**Data listing:**
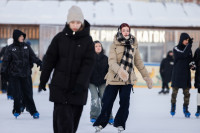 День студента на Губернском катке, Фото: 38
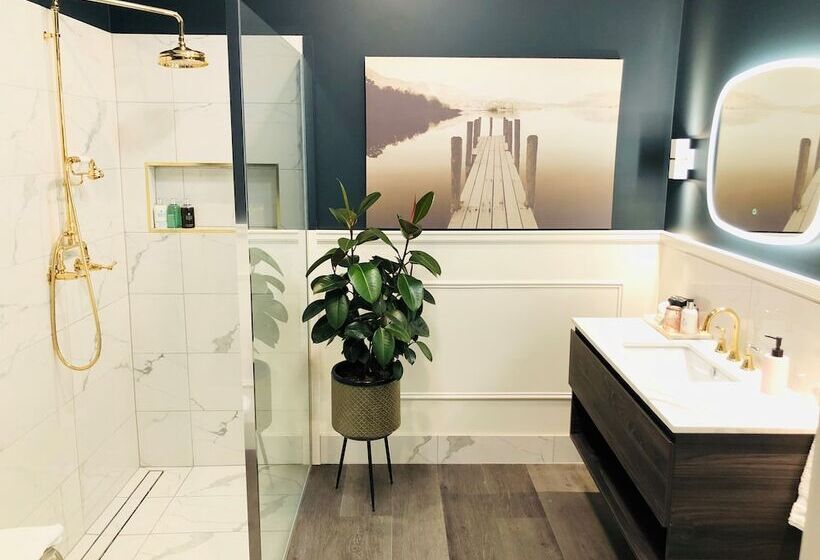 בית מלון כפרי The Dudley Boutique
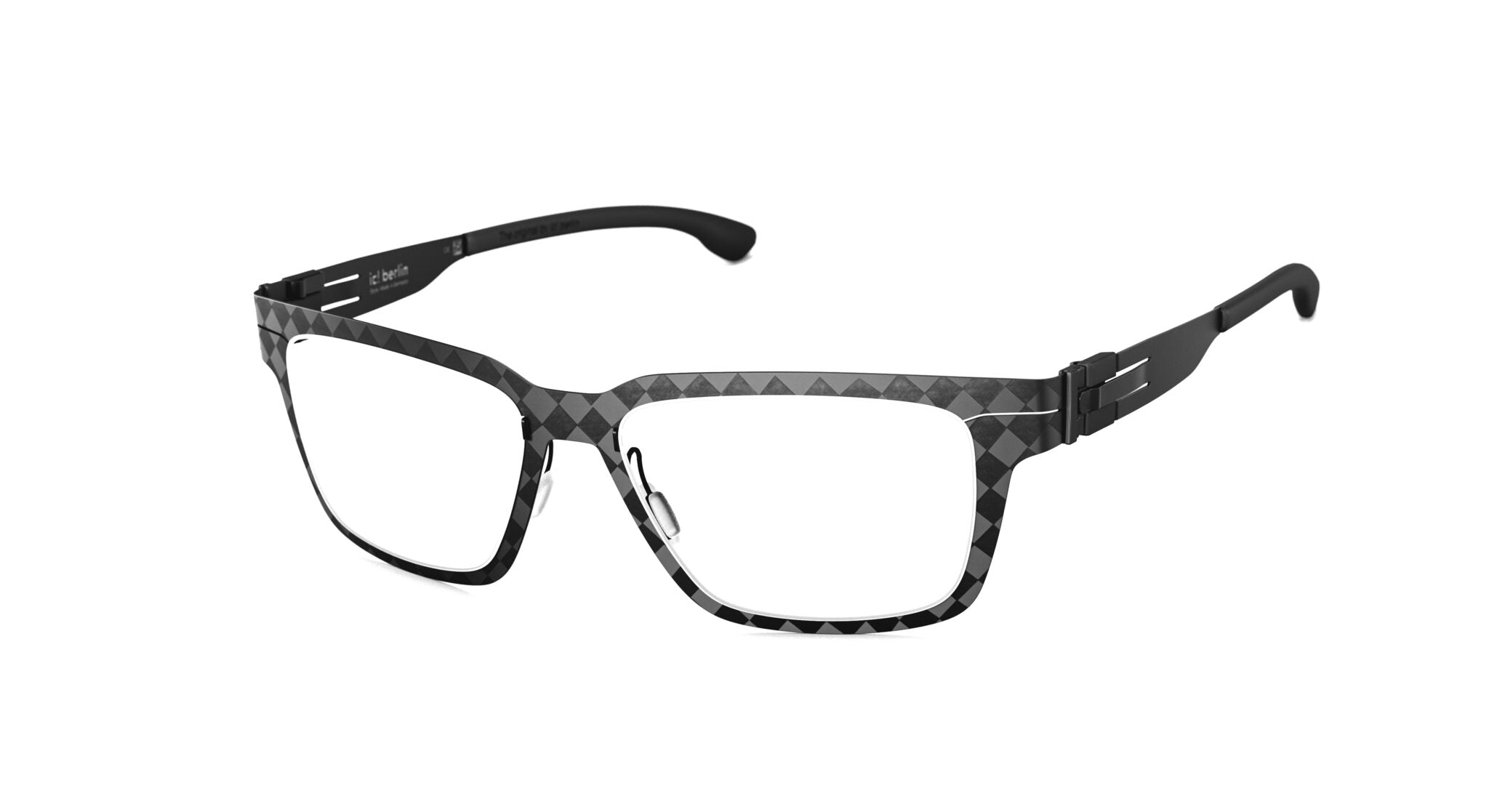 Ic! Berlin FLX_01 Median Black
--
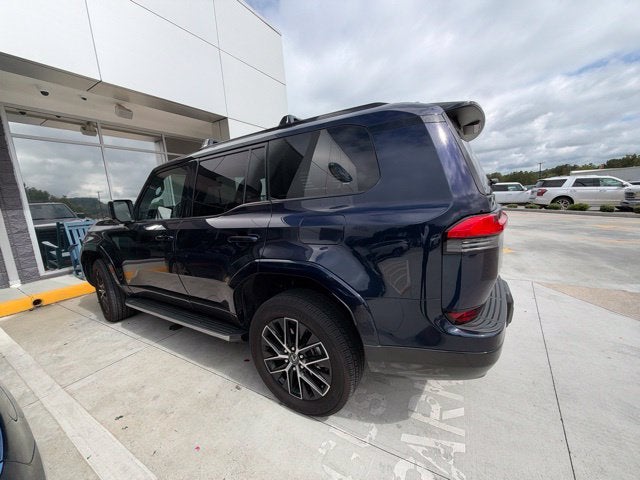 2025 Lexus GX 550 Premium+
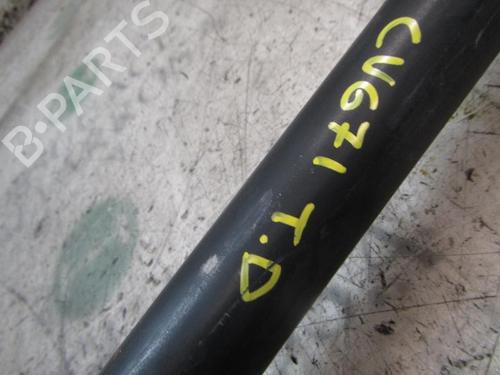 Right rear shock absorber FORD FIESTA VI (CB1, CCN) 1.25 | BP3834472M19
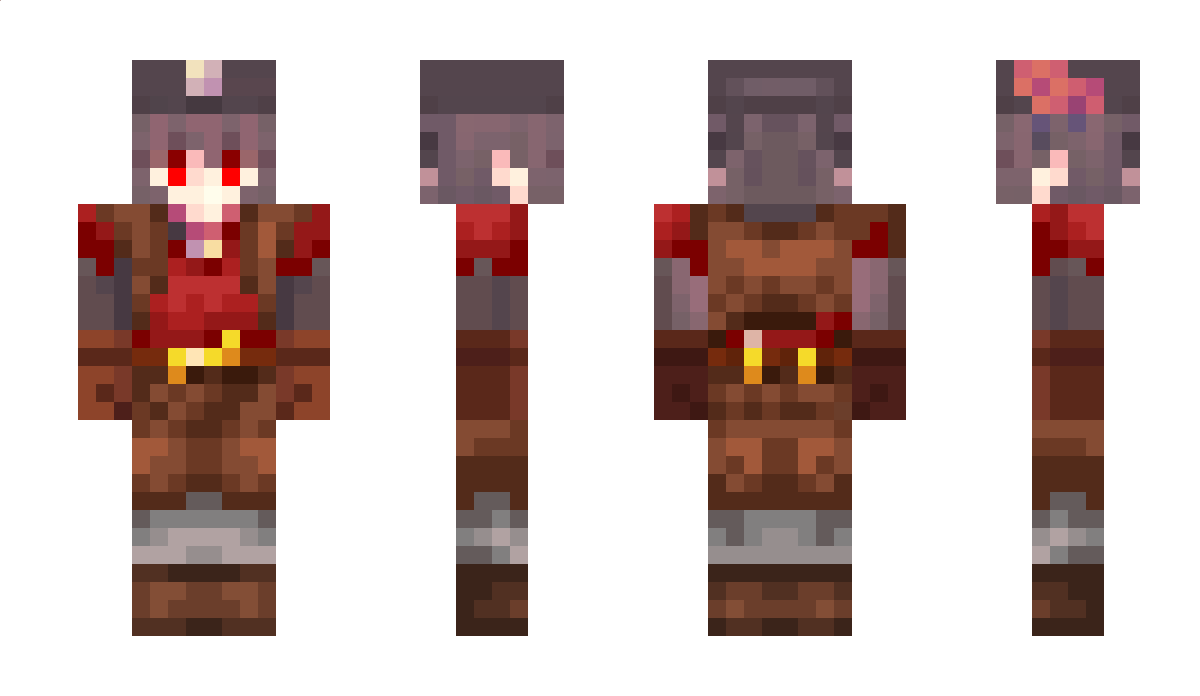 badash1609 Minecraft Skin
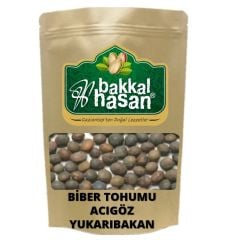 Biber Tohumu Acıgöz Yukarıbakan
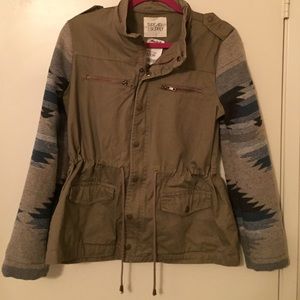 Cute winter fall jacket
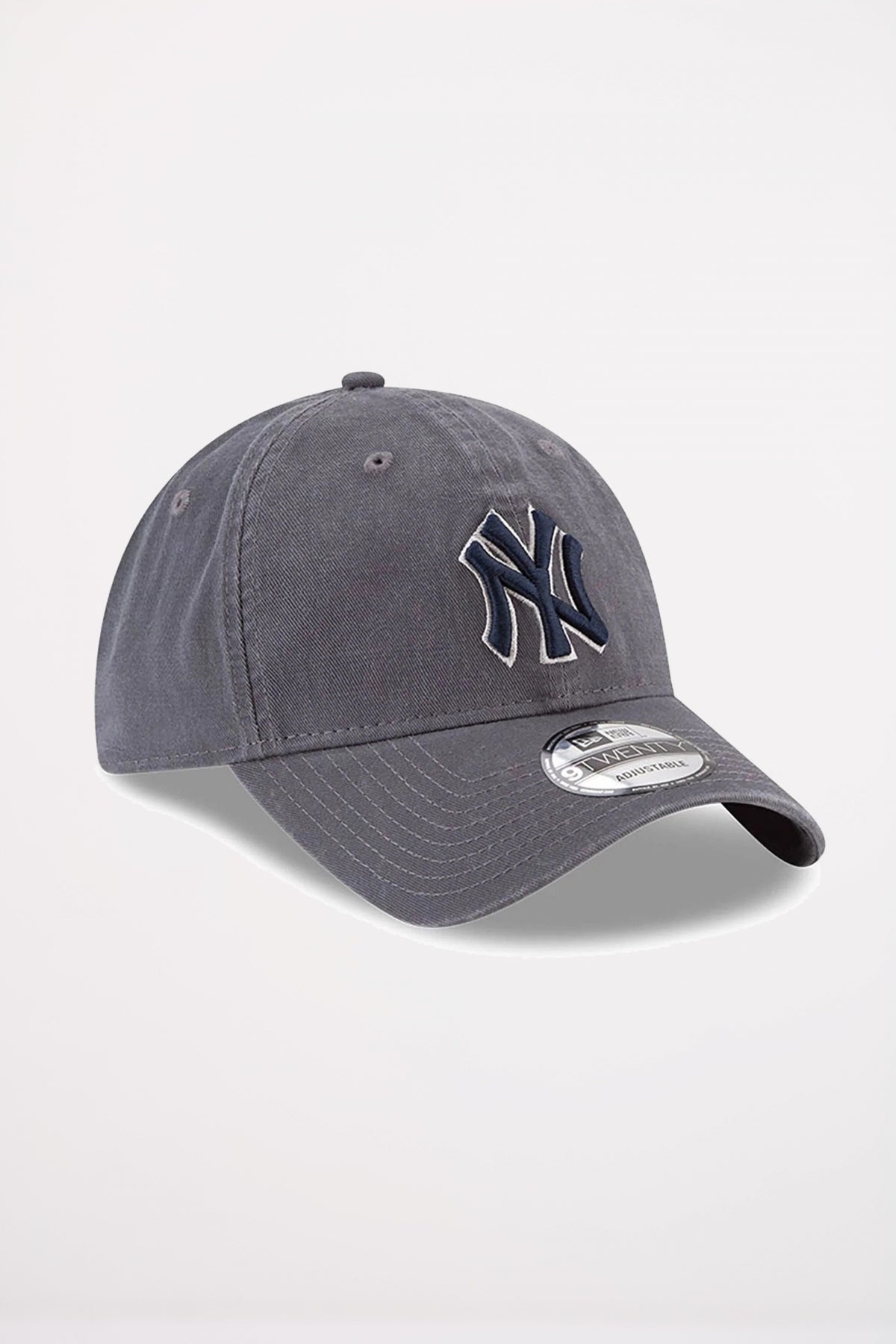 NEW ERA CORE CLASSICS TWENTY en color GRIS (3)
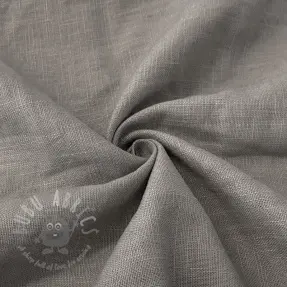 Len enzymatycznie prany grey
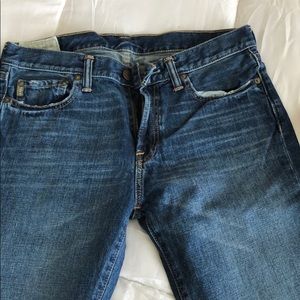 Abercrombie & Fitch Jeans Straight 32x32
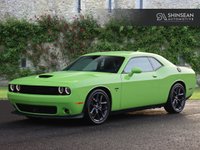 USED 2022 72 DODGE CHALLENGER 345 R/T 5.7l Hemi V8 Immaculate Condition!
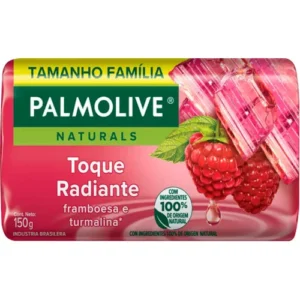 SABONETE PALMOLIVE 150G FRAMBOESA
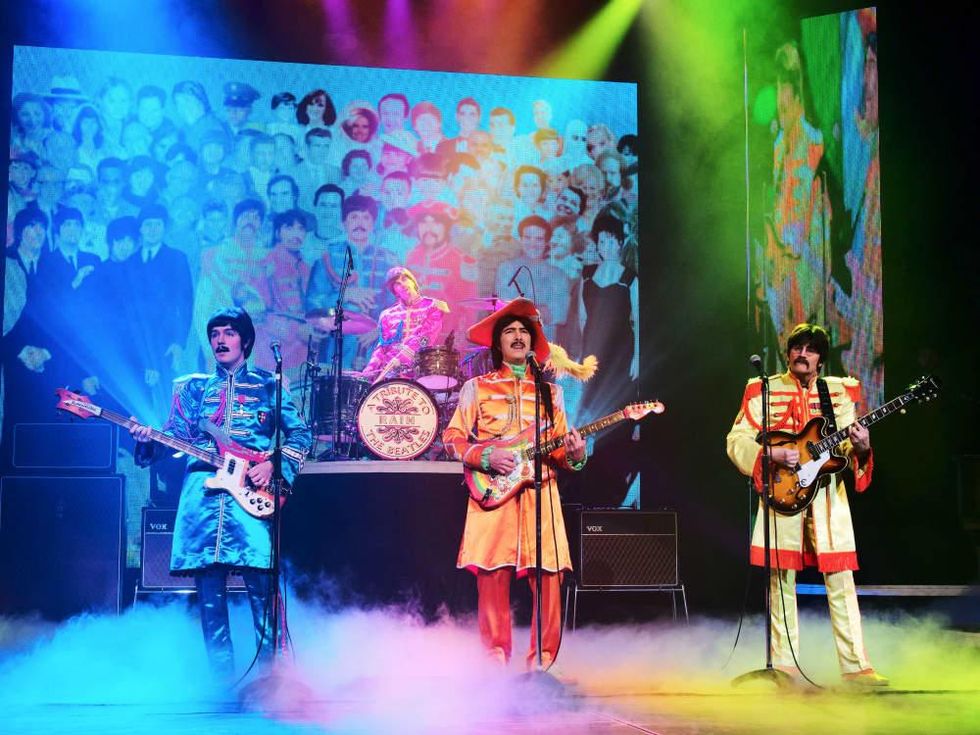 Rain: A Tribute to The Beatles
...
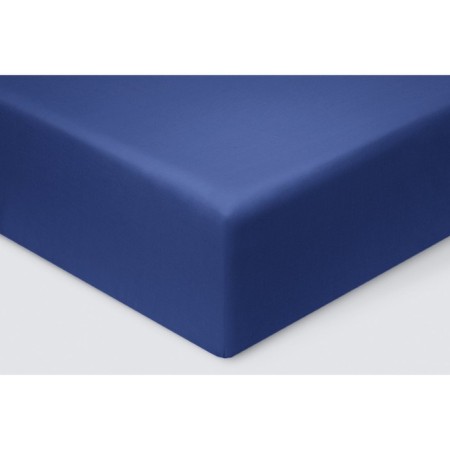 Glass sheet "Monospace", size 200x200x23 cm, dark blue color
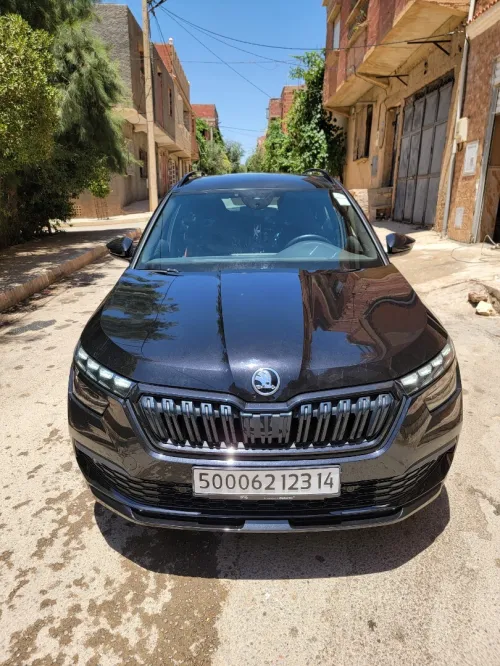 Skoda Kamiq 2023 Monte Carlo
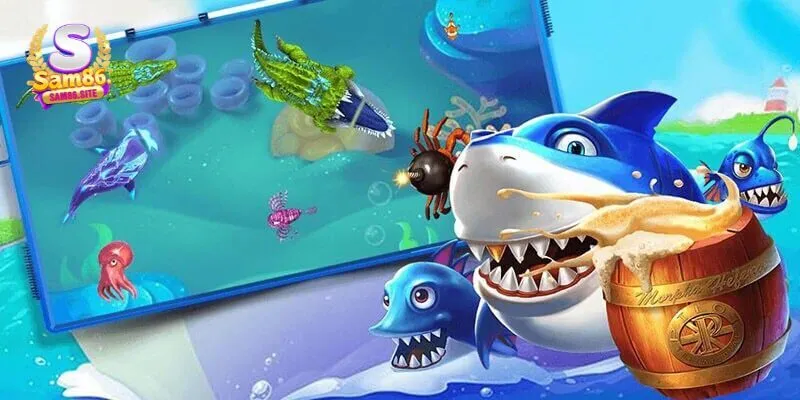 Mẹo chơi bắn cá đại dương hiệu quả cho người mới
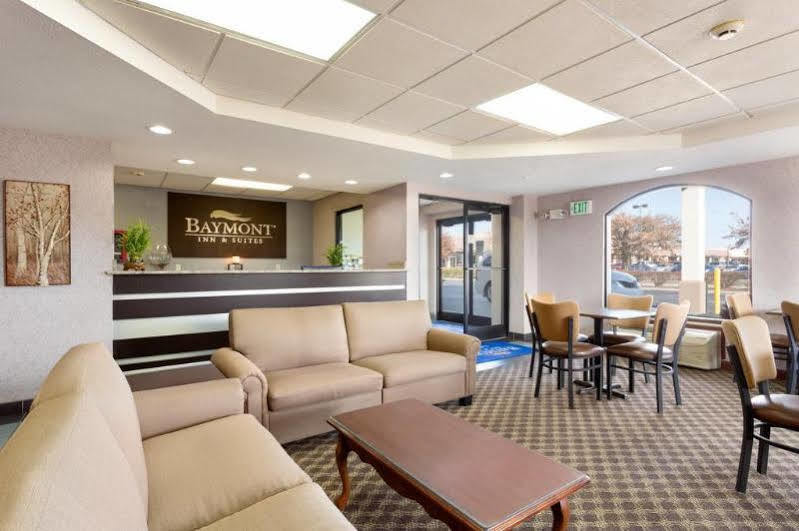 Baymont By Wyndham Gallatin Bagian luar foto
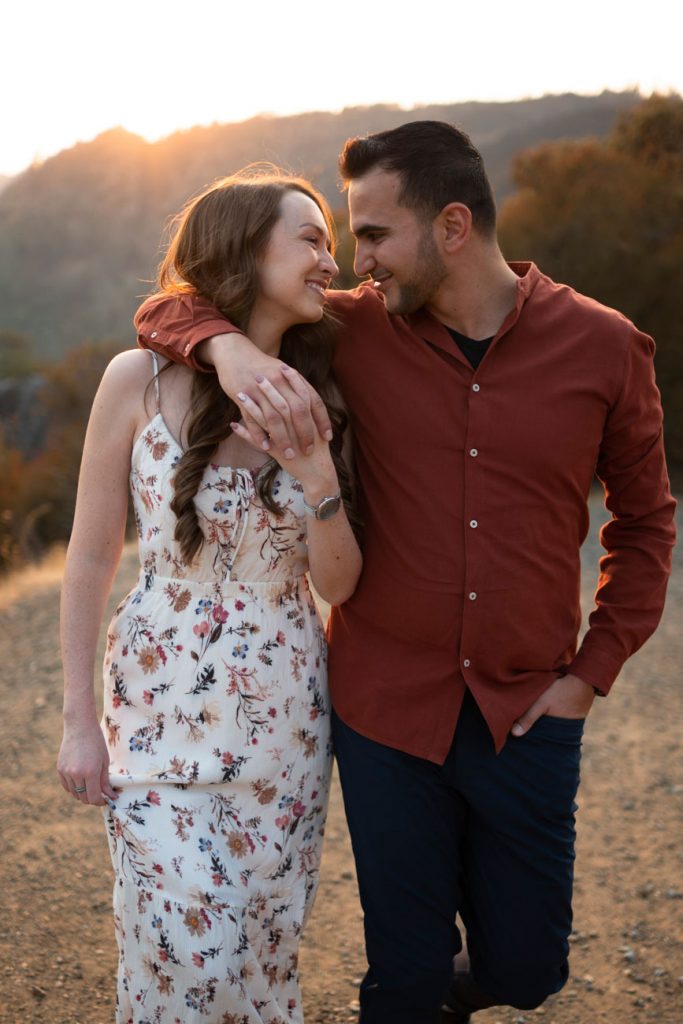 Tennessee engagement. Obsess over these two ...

**Aim of the exercise:** Start with the line with "День студента на Губернском катке, Фото: 38" in the listing above and stop after the line with "Ic! Berlin FLX_01 Median Black". Write out exactly the lines in that stretch and no others, without pictures.

**Answer section:**
 День студента на Губернском катке, Фото: 38
 בית מלון כפרי The Dudley Boutique
 Ic! Berlin FLX_01 Median Black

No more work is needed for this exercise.